(Beginning of RECORDS TO USE)
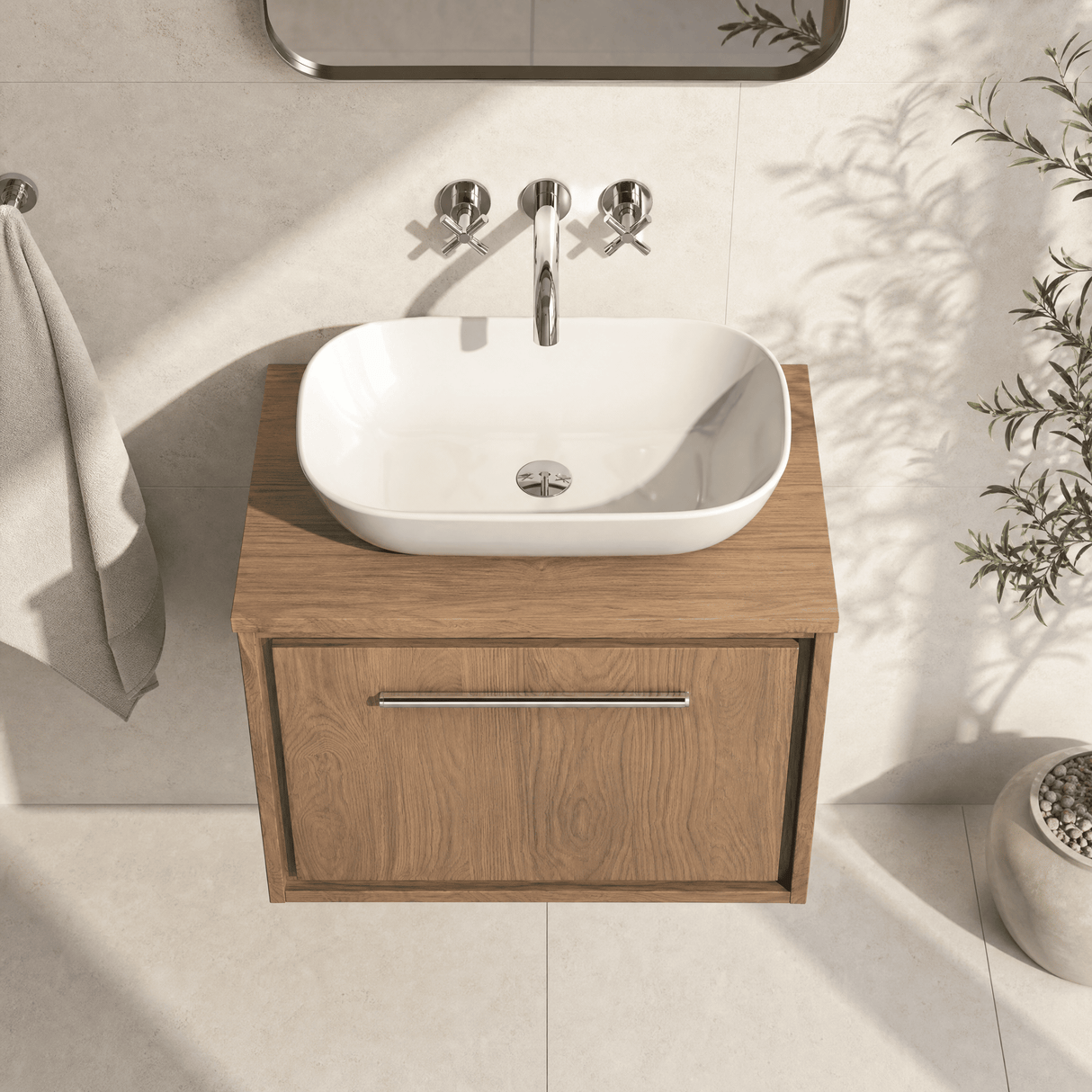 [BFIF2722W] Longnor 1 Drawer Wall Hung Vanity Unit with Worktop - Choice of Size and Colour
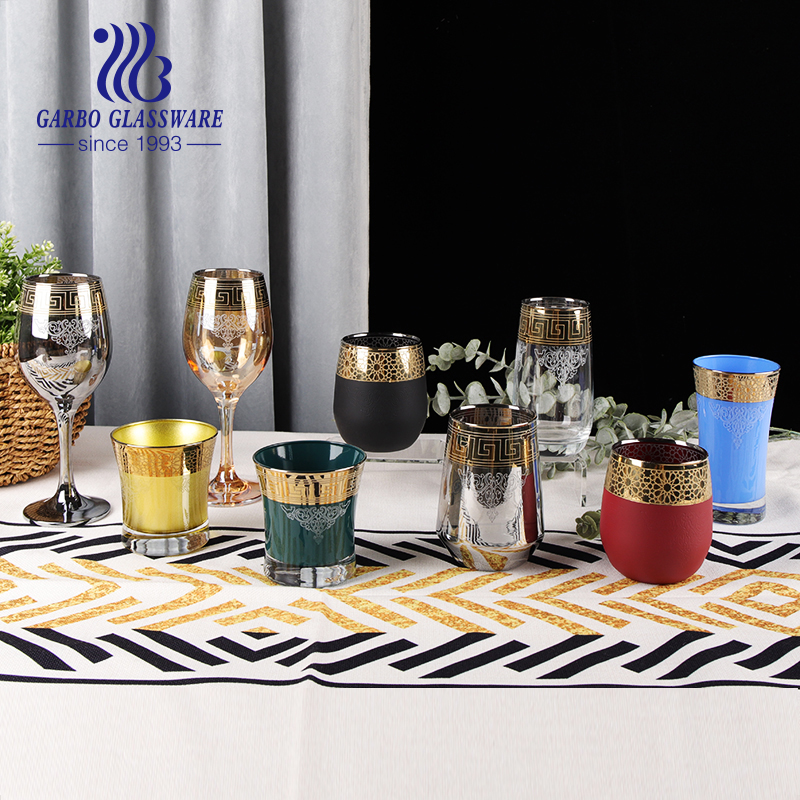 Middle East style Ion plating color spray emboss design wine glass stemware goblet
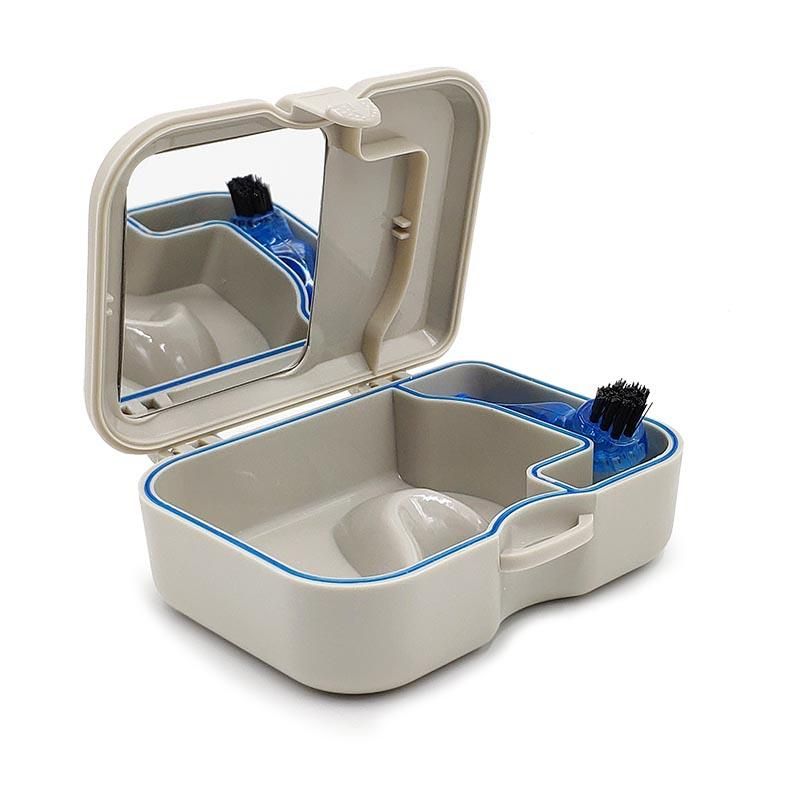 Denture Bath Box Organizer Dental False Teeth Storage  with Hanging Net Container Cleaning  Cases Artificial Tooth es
(End of RECORDS TO USE)
(Beginning of RECORDS TO USE)
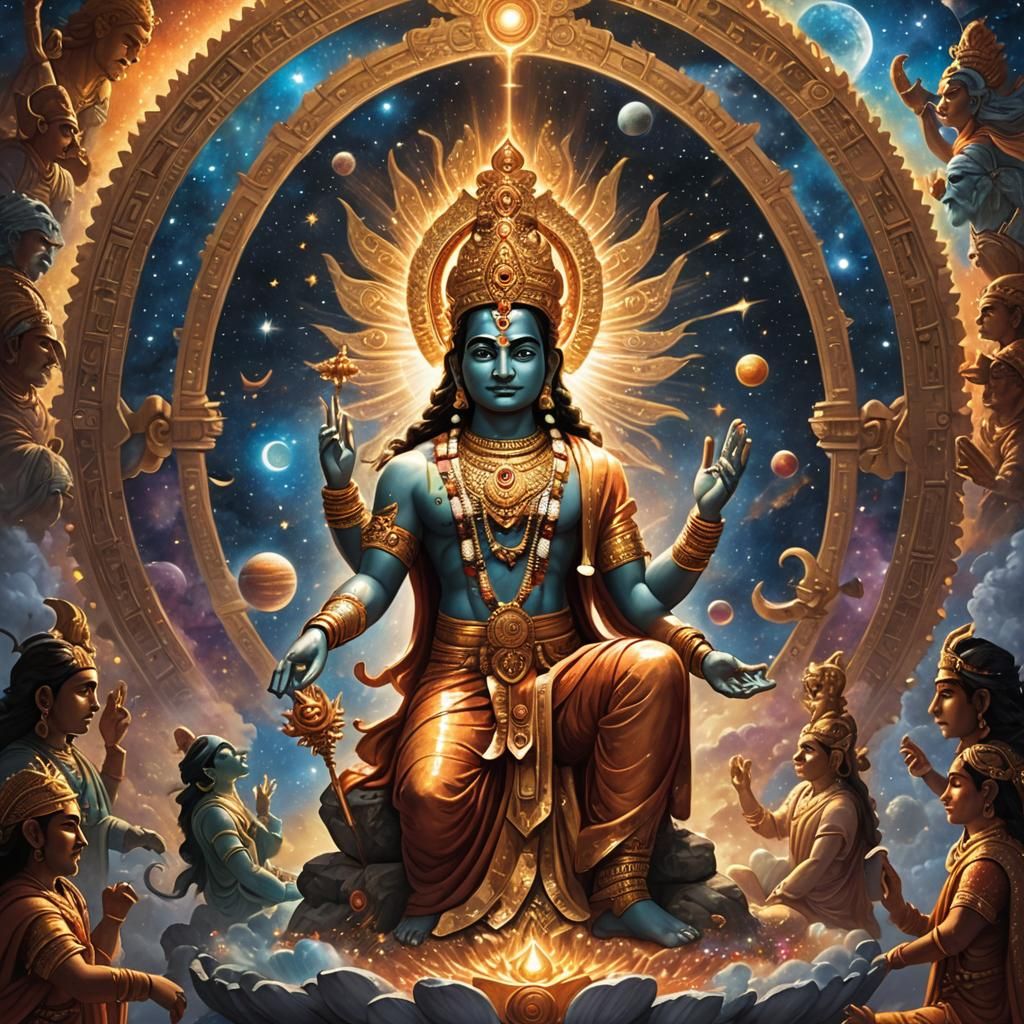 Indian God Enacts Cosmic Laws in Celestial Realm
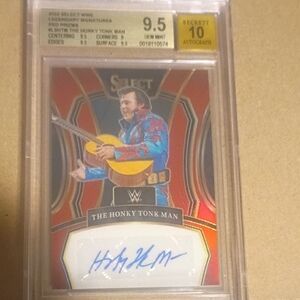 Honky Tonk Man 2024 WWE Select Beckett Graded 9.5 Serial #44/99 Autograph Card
(End of RECORDS TO USE)
▶ PROBLEM TO SOLVE: Give again the stretch of lines above from the one with "[BFIF2722W] Longnor 1" through the one with "Denture Bath Box", both ends kept, and copy no pictures.

▶ EXERCISE RESULT:
 [BFIF2722W] Longnor 1 Drawer Wall Hung Vanity Unit with Worktop - Choice of Size and Colour
 Middle East style Ion plating color spray emboss design wine glass stemware goblet
 Denture Bath Box Organizer Dental False Teeth Storage  with Hanging Net Container Cleaning  Cases Artificial Tooth es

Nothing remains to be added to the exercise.